Provo affetto per ogni mia borsetta; quasi sempre dimentico di chiuderle “la bocca” a rischio di perderne il contenuto, ma, per me, far scorrere la cerniera lampo fino alla fine senza incepparla è impresa impossibile. La scelgo firmata “Mercato Rionale”, o “Conbipel”: non intende competere con la Kelly Bag, la M. Kors, o la Birkin della Hermes per la quale, pur disponendo di diecimila euro, una donna è costretta ad attendere anni.
Colui che da cinque decenni mi vive accanto non ha mai voluto “mettere mano” all’interno di una mia borsa: ne teme l’esplosione o, più semplicemente, evita l’incontro con il mio vulcanico clone che rispecchia, e rivela, ahimé, il mio modo di essere. “Me la reggi un attimo?”, chiedo qualche volta e lui, dopo averla soppesata fingendo la conseguente rottura del braccio, domanda: ” E’ la tua arma da difesa, o il bagaglio per andartene?”
I miei nipoti, catechizzati già in fasce, non le si avvicinano, si limitano a chiedere: “ Nonna, tu hai per caso?: una caramella, un cerotto, un temperino, una matita, una biro, un foglio di carta, una bottiglietta d’acqua, lo scotch, un fermacapelli, una forbice, una merendina, lo spray contro le zanzare? “ Dopo ogni fruttuosa, spesso faticosa, “pescata” mi gratificano con un sorriso soddisfatto urlando: “Nonna! Tu hai la borsa di Mary Poppins!”.

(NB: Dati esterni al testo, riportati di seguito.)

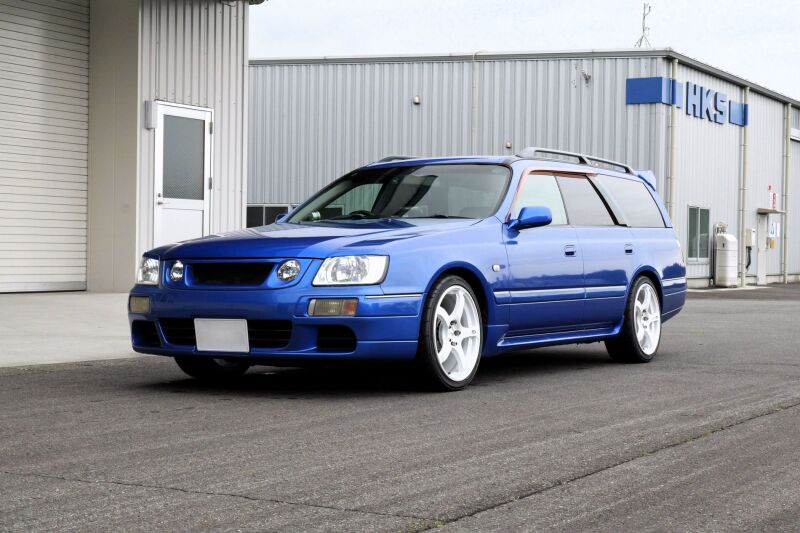 HKS Hipermax S WGNC34 coilover kit for 4WD models, showing adjustable shock absorbers and suspension components.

Confesso che neppure io possiedo la mappa del mio tesoro, ma so che dal mio sacco magico si potrebbero estrarre anche: tre colorati ganci in ferro “No for climbing” con appese mezzo chilo di chiavi, un cellullare a forma di mattonella, un lucidalabbra, uno specchietto, una scatoletta per l’apparecchio dei denti – con spazzolino e dentifricio da viaggio incluso -, un mini flaconcino spray con acqua benedetta (lo so, difficile crederci), depliants di infinite pubblicità (corsi, supermercati, mobili, ristoranti, tende da sole, imbianchini, viaggi vacanza etc.) biglietti da visita, fazzolettini, un block notes, e, per onestà nei miei confronti, prima delle monetine che riposano sul fondo, accennerò all’onnipresente pacchetto di sigarette e ai suoi dispositivi a fiamma.

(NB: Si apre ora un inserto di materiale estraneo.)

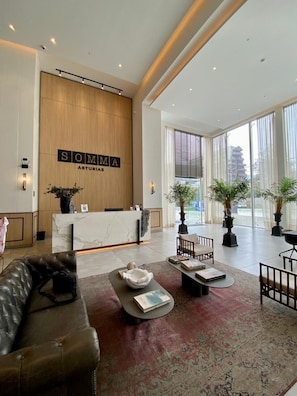 En moderne hotellobby med reception, læderpolstrede møbler, store vinduer og potteplanter.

L’esperienza più dolorosa – da oggi al primo posto nella classica dei guai combinati da una mia borsetta -, l’ho vissuta ieri, domenica. Mi trovavo allo Stand del Centro Donne, per la festa del Paese e chiacchieravo con Valeria e Gianna quando ci ha raggiunte Annamaria dell’Auser che ci ha carinamente donato delle piantine grasse, contenute in bicchieri di plastica, la cui arida terra purtroppo urlava vendetta. Le ho dissetate con abbondante acqua e, – stavo ancora conversando! – “a casaccio” ho infilato i bicchieri nella (bocca spalancata della) borsetta, che alloggiava nel cestino della bicicletta.

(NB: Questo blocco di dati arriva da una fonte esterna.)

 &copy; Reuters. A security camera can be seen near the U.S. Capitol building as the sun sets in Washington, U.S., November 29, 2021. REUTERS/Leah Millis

Poi, causa un certo ritardo, pedalando con un certo vigore lungo le strade verso casa, ho transitato sistematicamente su ogni dissuasore presente, alzandomi pure in piedi sui pedali, ignara che la borsa shakerava allegramente, irrimediabilmente!, il contenuto.
Dopo aver acquistato anche un morbido portafoglio color verde, oggi ho inaugurato la nuova borsa, con ogni “ben di Dio” rimpiazzando gli oggetti irrecuperabili, bagnati o terrosi.
Provo affetto per “la nuova arrivata”; come le precedenti è: indispensabile, capiente e la sua finta pelle riporta colorati disegni astratti che adoro. Il suo disordine si presenta perfetto: da 10 e lode ed é risultato subito facilissimo incastrare la sua lunga cerniera lampo.